Plantean el problema de la subida de pasajes como si fuera un problema del Estado, pero corresponde a empresas privadas que, a través de los bancos, usurpan el patrimonio económico del país. Quieren ganar, cobran el pasaje y también se aseguran de que el Estado les cubra sus pérdidas. Es negocio redondo.
Otra vez, se lanzan a tratar de fiscalizar, ahora no sólo a las personas, sino también a los choferes. Si alguien no paga la micro, no es por “choreza”; la mayor parte de esas personas que esperan a que se abra la puerta de atrás para entrar o que salta el torniquete de la micro, no tienen dinero o tratan de ahorrarse la plata para comer.

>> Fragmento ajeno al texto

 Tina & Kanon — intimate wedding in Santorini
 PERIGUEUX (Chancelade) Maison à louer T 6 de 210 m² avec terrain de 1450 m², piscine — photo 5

El gobierno si está tan urgido, como dice, por conseguir más recursos para “políticas sociales”, debería dejar de pagar altos sueldos a sus amigos, expropiar los bienes de los que le roban al Estado, ya sea políticos, jueces, militares, carabineros, alcaldes, y familiares. Además, podría dejar de comprar armas y vehículos para la represión, dejar de subvencionar a los camioneros, a los empresarios. Así, quizás, se conseguiría el dinero que le falta.
Cuando alguien no ha trabajado en su vida o se propuso como meta no hacerlo y vivir a expensas del Estado, lo cotidiano es anecdótico. Trabajar sólo para comer, vestirse, pagar la micro y tratar de vivir una vida decente, es parte de los otros; lo que ellos, justamente, no quieren ser: aquellos detestables que no tienen espíritu de superación, que no quieren ganar dinero, sino sólo criar hijos.
Todos los días, si se subieran a una micro verían las preocupaciones de quién va al trabajo y llama a su hijo que quedó sólo en la casa enfermo, de quién está abrumado por las deudas, de aquellos que van con la esperanza de conseguir un trabajo, de aquel que no tiene un peso para comer, y de los muchos que tratan de evadir miradas, que sólo piensan en llegar al trabajo y volver con la familia en la tarde.
Mientras unos piensan en subir el pasaje de la locomoción, el pueblo piensa cómo lo va a hacer para subsistir hasta fin de mes.